Airlines survived $147-a-barrel oil, a financial collapse on Wall Street, and a recession in 2008 by doing two things: slashing capacity -- fewer flights, different-size aircrafts, recalibrated routes -- and charging annoying fees for everything from baggage to "choice" seats.
Nationwide, there are 8 percent fewer airplane seats with passengers in them than five years ago, according to airline analyst Daniel McKenzie, of Buckingham Research Group in New York. He recently analyzed which cities got hardest hit with seat cuts and which had the most growth.
Philadelphia was among the top 10 for seat cutbacks on nonstop flights -- down 15 percent, McKenzie reported.
Philadelphia airport officials dispute that number, and say the decline was more like 9.7 percent.

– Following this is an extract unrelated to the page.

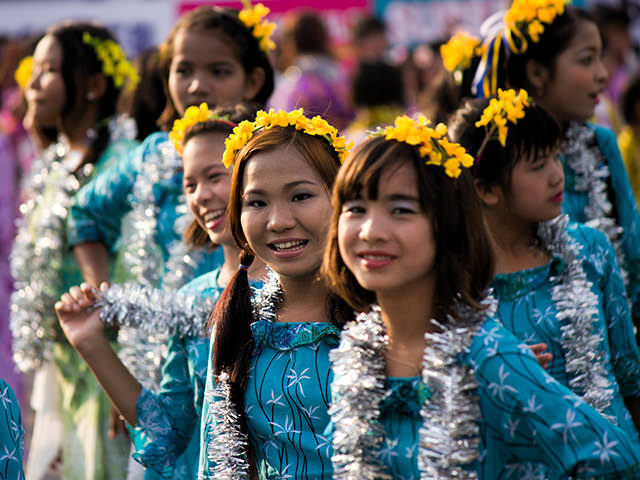 IMF Announce Myanmar On Track To Achieve Growth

So what happened in Philadelphia? Simple: Southwest Airlines retreated.
The spunky low-cost carrier arrived in a blaze of glory in 2004. At the time, US Airways was in bankruptcy for a second time and on the verge of extinction.
But since mid-2008, Southwest has gone from a peak of 71 daily nonstops to 20 cities from Philadelphia to 20 weekday departures to nine nonstop destinations now.